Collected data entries
========================

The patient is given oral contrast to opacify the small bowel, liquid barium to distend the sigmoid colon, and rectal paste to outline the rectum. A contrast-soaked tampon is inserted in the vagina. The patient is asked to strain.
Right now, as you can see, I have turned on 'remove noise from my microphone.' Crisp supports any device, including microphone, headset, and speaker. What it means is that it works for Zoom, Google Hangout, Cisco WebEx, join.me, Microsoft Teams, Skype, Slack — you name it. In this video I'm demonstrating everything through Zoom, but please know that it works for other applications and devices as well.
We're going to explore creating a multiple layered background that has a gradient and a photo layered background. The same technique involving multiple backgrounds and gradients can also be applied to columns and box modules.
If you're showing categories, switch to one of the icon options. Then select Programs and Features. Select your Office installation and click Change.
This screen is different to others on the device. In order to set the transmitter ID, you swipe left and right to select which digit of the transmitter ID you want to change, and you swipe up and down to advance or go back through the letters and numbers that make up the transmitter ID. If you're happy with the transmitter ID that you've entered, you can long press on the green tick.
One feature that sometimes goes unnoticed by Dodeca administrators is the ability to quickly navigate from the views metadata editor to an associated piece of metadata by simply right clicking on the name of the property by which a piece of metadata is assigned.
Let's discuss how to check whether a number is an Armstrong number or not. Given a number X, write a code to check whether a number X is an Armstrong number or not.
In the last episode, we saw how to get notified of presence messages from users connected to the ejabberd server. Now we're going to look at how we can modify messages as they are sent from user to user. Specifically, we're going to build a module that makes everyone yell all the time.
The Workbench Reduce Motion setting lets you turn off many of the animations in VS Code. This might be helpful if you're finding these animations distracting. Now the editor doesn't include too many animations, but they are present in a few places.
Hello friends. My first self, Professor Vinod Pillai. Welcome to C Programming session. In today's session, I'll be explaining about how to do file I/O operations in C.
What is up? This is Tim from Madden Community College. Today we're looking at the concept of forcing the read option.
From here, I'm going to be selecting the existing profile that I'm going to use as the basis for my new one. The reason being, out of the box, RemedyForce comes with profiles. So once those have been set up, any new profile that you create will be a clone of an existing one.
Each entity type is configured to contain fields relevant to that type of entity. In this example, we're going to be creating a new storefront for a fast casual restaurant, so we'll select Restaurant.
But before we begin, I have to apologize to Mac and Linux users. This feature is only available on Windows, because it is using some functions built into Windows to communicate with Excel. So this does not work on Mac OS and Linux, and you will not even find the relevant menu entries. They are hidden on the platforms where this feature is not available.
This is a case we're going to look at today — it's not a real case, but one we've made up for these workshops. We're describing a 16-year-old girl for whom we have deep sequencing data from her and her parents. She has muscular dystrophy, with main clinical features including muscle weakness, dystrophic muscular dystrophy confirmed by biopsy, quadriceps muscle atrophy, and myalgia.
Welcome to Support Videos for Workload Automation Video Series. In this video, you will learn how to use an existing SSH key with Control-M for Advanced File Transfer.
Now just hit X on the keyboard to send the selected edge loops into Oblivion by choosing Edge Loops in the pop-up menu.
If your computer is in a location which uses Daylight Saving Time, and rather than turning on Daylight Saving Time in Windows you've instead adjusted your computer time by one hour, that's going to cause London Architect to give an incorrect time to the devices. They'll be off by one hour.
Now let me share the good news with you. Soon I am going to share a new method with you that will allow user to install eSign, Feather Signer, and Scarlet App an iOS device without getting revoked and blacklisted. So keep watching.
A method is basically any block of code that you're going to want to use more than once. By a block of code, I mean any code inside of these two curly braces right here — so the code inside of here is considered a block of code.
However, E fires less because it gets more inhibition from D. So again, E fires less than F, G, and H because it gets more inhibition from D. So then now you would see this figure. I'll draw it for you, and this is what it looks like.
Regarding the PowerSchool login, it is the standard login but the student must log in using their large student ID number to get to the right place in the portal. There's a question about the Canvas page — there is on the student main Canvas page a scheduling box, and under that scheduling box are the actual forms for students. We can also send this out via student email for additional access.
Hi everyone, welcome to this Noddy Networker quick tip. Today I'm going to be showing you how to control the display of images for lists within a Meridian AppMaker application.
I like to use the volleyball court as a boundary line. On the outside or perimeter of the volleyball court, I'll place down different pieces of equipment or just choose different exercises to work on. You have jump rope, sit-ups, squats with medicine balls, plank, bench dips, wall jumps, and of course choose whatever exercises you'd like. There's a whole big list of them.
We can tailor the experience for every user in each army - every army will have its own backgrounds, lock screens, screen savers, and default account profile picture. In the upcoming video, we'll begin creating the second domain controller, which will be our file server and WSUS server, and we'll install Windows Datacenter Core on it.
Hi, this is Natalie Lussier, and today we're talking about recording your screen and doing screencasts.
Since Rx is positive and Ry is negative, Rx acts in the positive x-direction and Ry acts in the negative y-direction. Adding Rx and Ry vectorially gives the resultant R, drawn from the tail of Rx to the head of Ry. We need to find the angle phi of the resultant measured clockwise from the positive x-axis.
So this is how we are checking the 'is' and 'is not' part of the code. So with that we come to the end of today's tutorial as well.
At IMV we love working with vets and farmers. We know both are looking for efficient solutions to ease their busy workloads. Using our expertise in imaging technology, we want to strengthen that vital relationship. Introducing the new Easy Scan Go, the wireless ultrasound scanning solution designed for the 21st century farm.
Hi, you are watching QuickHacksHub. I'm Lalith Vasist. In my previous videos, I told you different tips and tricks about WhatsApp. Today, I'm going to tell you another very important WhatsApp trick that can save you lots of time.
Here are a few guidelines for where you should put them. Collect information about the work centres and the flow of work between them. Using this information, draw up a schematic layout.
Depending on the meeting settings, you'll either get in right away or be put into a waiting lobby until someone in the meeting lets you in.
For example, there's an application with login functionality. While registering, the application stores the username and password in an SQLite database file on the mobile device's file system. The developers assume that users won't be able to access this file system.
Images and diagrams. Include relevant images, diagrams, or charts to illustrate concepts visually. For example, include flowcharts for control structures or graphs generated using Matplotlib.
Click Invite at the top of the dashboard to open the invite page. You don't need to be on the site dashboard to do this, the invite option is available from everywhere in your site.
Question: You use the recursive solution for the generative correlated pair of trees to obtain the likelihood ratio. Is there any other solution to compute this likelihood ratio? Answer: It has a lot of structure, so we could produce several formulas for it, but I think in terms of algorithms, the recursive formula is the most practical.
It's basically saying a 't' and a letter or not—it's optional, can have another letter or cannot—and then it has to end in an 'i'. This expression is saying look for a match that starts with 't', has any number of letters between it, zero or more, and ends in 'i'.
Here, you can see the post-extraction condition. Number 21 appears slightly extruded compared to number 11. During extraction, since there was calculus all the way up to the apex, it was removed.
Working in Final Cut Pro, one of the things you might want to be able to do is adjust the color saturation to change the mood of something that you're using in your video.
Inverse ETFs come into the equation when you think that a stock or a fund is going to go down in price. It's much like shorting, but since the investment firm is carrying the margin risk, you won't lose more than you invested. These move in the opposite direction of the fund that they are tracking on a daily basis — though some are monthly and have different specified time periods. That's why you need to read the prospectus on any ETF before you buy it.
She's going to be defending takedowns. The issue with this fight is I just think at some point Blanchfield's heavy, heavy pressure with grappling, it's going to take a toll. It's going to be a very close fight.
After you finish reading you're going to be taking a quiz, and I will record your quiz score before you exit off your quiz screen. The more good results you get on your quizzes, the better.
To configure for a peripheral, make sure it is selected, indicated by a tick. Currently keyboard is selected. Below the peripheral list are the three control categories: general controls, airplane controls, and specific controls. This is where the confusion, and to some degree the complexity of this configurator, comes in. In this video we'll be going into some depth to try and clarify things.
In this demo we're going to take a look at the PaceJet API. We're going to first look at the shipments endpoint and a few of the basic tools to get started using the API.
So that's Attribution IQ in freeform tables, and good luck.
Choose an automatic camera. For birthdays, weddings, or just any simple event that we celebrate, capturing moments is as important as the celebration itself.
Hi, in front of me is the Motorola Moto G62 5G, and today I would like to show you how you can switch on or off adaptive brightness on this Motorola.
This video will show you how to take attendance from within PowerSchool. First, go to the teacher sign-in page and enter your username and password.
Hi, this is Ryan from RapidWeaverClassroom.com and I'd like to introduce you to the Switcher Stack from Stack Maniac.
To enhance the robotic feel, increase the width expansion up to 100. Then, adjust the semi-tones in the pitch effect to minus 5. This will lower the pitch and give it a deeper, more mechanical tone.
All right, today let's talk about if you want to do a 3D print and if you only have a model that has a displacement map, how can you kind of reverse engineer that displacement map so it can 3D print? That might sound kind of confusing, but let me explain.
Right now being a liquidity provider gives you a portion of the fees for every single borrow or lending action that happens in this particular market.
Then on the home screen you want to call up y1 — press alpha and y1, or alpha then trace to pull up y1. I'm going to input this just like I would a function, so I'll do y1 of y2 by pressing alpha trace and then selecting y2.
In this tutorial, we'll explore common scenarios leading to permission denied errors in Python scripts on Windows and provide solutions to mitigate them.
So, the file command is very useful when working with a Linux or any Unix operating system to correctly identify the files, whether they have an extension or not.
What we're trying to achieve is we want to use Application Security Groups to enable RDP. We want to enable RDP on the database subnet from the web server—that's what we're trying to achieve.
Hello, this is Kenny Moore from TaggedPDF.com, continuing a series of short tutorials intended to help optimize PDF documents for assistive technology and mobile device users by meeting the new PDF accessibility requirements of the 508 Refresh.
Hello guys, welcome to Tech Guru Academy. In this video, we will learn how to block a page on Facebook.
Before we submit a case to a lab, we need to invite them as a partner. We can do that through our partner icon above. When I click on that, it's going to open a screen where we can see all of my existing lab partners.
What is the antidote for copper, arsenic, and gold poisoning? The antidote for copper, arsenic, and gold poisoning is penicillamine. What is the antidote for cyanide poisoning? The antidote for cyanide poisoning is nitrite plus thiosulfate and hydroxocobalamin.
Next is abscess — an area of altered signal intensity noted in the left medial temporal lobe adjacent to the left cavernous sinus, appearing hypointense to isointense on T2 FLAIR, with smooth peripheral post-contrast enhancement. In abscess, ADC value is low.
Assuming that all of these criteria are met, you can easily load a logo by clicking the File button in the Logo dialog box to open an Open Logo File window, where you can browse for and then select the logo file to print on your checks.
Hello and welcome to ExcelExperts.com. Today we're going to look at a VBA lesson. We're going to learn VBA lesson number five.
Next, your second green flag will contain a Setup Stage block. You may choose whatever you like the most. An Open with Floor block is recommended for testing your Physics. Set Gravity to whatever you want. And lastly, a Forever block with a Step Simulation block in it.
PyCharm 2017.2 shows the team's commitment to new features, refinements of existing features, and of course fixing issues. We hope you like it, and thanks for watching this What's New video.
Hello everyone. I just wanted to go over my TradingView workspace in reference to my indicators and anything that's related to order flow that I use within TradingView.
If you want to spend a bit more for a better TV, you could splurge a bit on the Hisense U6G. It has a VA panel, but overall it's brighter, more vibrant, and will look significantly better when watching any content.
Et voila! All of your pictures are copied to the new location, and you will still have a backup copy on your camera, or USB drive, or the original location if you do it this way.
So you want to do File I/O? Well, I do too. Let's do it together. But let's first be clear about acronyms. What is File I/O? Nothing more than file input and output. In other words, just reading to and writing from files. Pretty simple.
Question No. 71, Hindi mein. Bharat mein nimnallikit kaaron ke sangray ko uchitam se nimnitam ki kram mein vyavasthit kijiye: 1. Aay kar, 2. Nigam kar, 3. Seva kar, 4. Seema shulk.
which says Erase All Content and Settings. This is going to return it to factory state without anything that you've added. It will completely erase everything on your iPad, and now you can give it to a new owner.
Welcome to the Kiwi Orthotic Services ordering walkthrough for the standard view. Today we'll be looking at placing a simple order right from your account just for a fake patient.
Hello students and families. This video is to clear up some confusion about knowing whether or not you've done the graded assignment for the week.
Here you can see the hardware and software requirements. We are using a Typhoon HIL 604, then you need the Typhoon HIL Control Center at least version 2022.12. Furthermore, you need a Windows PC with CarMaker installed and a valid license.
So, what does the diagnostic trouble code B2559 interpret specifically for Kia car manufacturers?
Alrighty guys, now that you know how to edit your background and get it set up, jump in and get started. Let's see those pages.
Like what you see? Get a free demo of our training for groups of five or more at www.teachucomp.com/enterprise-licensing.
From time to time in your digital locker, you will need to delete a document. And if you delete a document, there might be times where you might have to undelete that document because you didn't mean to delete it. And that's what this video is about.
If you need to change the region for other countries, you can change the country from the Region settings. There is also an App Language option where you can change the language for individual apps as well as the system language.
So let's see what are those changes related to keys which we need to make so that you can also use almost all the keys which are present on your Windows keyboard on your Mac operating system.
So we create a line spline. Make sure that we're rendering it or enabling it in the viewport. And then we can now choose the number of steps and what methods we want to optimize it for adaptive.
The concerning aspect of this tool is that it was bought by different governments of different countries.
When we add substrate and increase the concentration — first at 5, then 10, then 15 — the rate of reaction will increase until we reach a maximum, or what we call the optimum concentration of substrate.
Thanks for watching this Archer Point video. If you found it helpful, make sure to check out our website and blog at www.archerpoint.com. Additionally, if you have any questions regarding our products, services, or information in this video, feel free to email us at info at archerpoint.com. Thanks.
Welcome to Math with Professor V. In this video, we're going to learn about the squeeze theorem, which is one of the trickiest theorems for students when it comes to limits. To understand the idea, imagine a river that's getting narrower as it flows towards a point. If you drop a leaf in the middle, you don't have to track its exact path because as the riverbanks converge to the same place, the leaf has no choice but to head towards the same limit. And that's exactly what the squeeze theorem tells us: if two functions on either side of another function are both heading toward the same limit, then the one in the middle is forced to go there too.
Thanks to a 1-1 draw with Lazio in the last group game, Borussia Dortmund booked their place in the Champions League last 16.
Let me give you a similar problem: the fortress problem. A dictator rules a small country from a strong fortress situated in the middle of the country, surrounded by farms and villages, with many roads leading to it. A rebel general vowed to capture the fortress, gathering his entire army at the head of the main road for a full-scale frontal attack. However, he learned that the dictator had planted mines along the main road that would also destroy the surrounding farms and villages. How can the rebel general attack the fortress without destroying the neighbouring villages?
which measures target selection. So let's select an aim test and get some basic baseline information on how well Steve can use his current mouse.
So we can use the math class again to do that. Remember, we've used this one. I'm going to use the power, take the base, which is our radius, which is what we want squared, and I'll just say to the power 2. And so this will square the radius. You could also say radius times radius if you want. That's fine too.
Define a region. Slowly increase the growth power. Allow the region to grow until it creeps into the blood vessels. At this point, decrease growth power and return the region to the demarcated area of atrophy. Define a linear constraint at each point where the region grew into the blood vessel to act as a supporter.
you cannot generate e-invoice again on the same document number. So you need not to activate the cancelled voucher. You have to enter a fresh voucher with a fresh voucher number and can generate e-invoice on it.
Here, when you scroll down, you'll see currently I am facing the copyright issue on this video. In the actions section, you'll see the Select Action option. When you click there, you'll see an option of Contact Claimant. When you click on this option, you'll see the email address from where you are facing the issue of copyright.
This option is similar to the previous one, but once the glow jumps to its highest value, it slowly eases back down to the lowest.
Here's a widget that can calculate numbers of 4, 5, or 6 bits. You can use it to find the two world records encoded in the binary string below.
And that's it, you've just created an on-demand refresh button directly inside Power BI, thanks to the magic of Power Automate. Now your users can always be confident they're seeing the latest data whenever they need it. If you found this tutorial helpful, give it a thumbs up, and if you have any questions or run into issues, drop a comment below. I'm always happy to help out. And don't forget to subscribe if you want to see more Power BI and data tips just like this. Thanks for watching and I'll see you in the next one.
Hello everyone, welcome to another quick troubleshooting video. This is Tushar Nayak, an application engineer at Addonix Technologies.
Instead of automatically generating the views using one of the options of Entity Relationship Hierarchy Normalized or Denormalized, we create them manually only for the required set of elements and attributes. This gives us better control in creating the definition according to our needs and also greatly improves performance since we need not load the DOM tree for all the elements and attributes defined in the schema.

========================

ACTIVITY: Lines above containing "login": how many? Reply with the number only.

RESPONSE FOR THIS EXERCISE: 2